En France, la croissance anémique menace la réduction des déficits
En France, la croissance anémique menace la réduction des déficits
LE MONDE ECONOMIE
Alors que l’executif tablait sur 1,5 % de croissance, le ministre de l’économie, Michel Sapin, a revu à la baisse cet objectif : la hausse du PIB se situera entre « 1,3% et 1,5% » en 2016.
C’était un secret de Polichinelle.

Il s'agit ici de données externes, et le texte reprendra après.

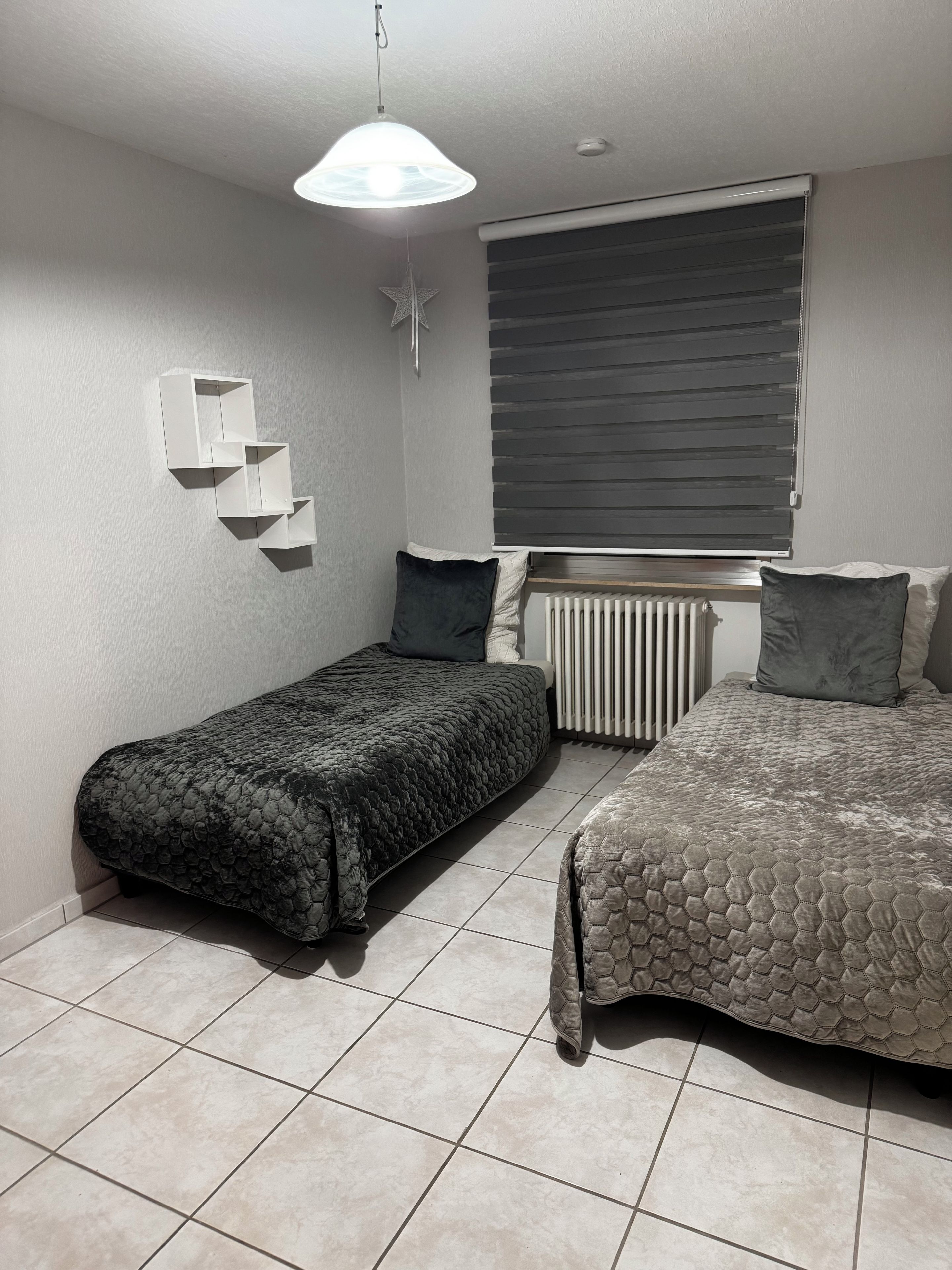 Ein Schlafzimmer mit zwei Betten, einem Heizkörper, einem Fenster mit Jalousien und einem Wandregal.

Michel Sapin, le ministre de l’économie et des finances, l’a reconnu, jeudi 3 novembre, sur France Info : en 2016, la hausse du produit intérieur brut (PIB) de la France se situera « quelque part entre 1,3 % et 1,5 % ». Jusque-là, l’exécutif tablait toujours officiellement sur 1,5 % de croissance pour cette année.
Pourtant, le 6 octobre, l’Institut national de la statistique et des études économiques (Insee) avait revu à la baisse sa prévision pour l’économie tricolore, à « à peine 1,3 % ». Soit très proche de la performance de 2015, où le PIB avait crû de 1,2 %. Mais à Bercy, on s’accrochait au chiffre de 1,5 %. Non sans jouer sur les mots. « Nous serons aux alentours de 1,5 % », avait affirmé M. Sapin début octobre.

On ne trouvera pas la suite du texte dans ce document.